Documentation
¶
Index ¶
- Variables
- type ContentDefinedChunker
- func NewFastContentDefinedChunker(r Peeker, gearTable *GearTable) ContentDefinedChunker
- func NewMaxContentDefinedChunker(r Peeker, gearTable *GearTable, minSizeBytes, maxSizeBytes int) ContentDefinedChunker
- func NewRepMaxContentDefinedChunker(r Peeker, gearTable *GearTable, minSizeBytes, horizonSizeBytes int) ContentDefinedChunker
- func NewSimpleMaxContentDefinedChunker(r Peeker, gearTable *GearTable, minSizeBytes, maxSizeBytes int) ContentDefinedChunker
- func NewSimpleRepMaxContentDefinedChunker(r Peeker, gearTable *GearTable, minSizeBytes, horizonSizeBytes int) ContentDefinedChunker
- type GearTable
- type Peeker
Constants ¶
This section is empty.
Variables ¶
var FastContentDefinedChunkerGearTable = GearTable{ // contains filtered or unexported fields }
FastContentDefinedChunkerGearTable contains constants that match those used by various implementations of the FastCDC algorithm:
- https://github.com/nlfiedler/fastcdc-rs (Rust) - https://github.com/buildbuddy-io/fastcdc2020 (Go) - https://github.com/HIT-HSSL/destor/blob/master/src/chunking/fascdc_chunking.c (C)
Functions ¶
This section is empty.
Types ¶
type ContentDefinedChunker ¶
ContentDefinedChunker can be used to decompose a large file into smaller chunks.

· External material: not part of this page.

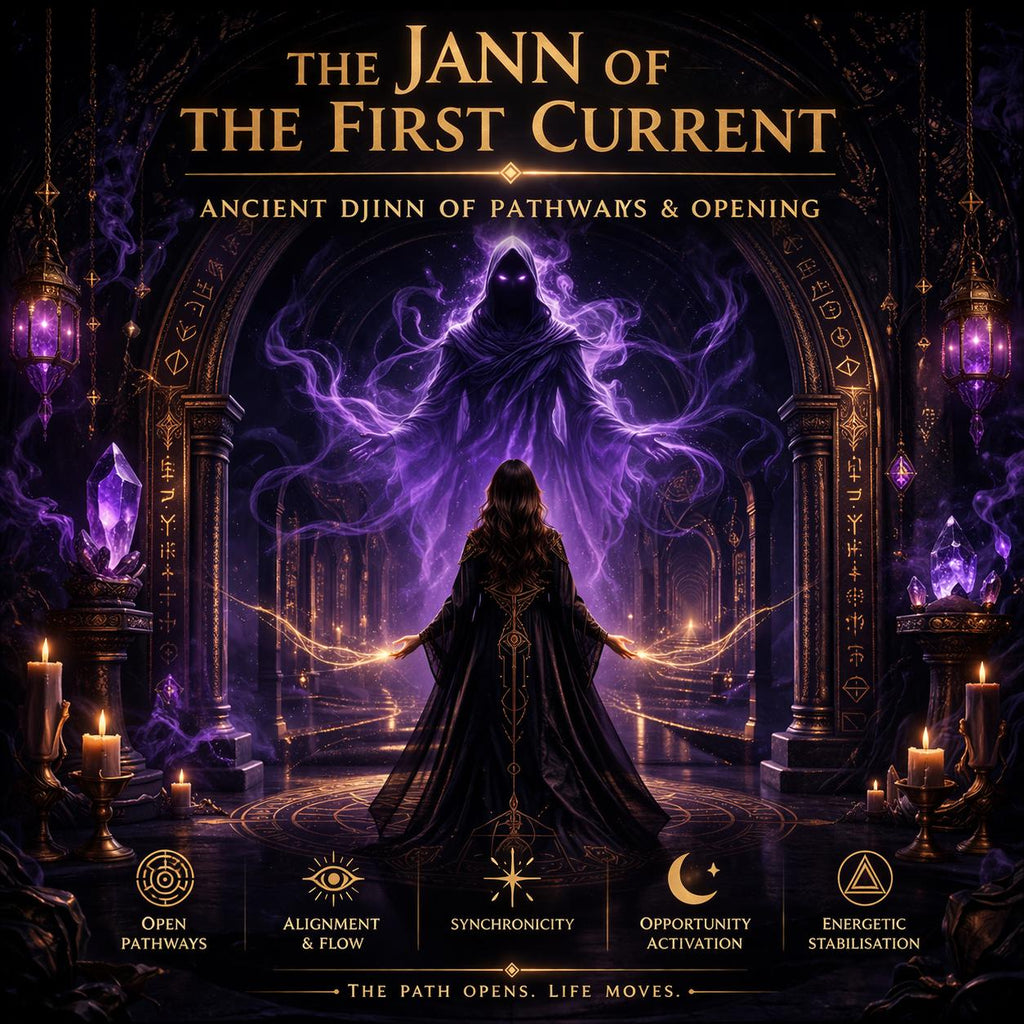 The Jann of the First Current — Ancient Djinn of Pathways and Opening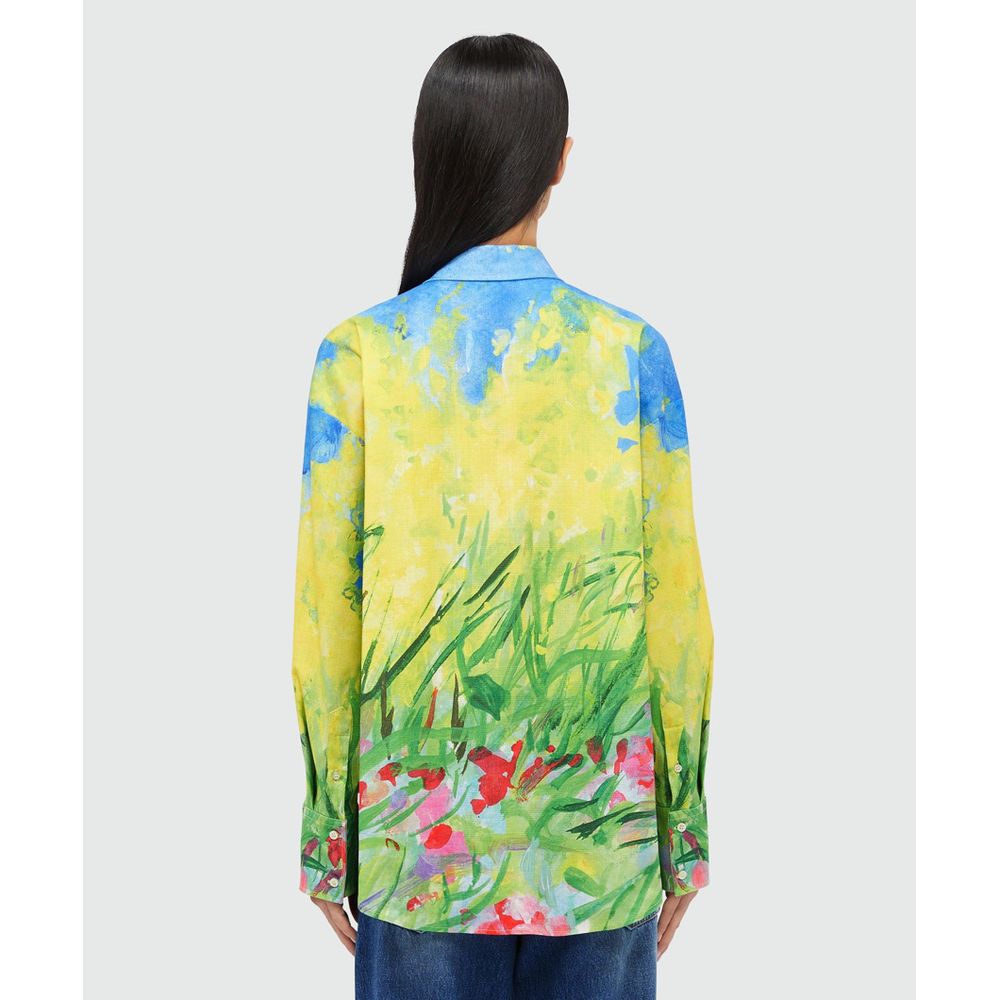 MSGM Bicolor Cotton Blouse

Cutting points are determined by inspecting the binary content of the file.
func NewFastContentDefinedChunker ¶
func NewFastContentDefinedChunker(r Peeker, gearTable *GearTable) ContentDefinedChunker
NewFastContentDefinedChunker returns a content defined chunker that uses the FastCDC8KB algorithm as described in the paper "The Design of Fast Content-Defined Chunking for Data Deduplication Based Storage Systems".
func NewMaxContentDefinedChunker ¶
func NewMaxContentDefinedChunker(r Peeker, gearTable *GearTable, minSizeBytes, maxSizeBytes int) ContentDefinedChunker
NewMaxContentDefinedChunker returns a content defined chunker that uses an algorithm that is inspired by FastCDC. Instead of placing cutting points at the first position at which a rolling hash has a given number of zero bits, it uses the position at which the rolling hash is maximized.
This approach requires the algorithm to compute the rolling hash up to maxSizeBytes-minSizeBytes past the eventually chosen cutting point. To prevent this from being wasteful, this implementation stores cutting points on a stack that is preserved across calls.
Throughput of this implementation is supposed to be nearly identical to plain FastCDC. Due to the sizes of chunks being uniformly distributed as opposed to normal-like, the spread in chunk size is smaller. Furthermore, it is expected that this distribution also causes the sequence of chunks to converge more quickly after parts that differ between files have finished processing.
func NewRepMaxContentDefinedChunker ¶
func NewRepMaxContentDefinedChunker(r Peeker, gearTable *GearTable, minSizeBytes, horizonSizeBytes int) ContentDefinedChunker
NewRepMaxContentDefinedChunker returns a content defined chunker that expands upon MaxCDC, in that it repeatedly applies the chunking process until chunks are [minSizeBytes, 2*minSizeBytes) in size.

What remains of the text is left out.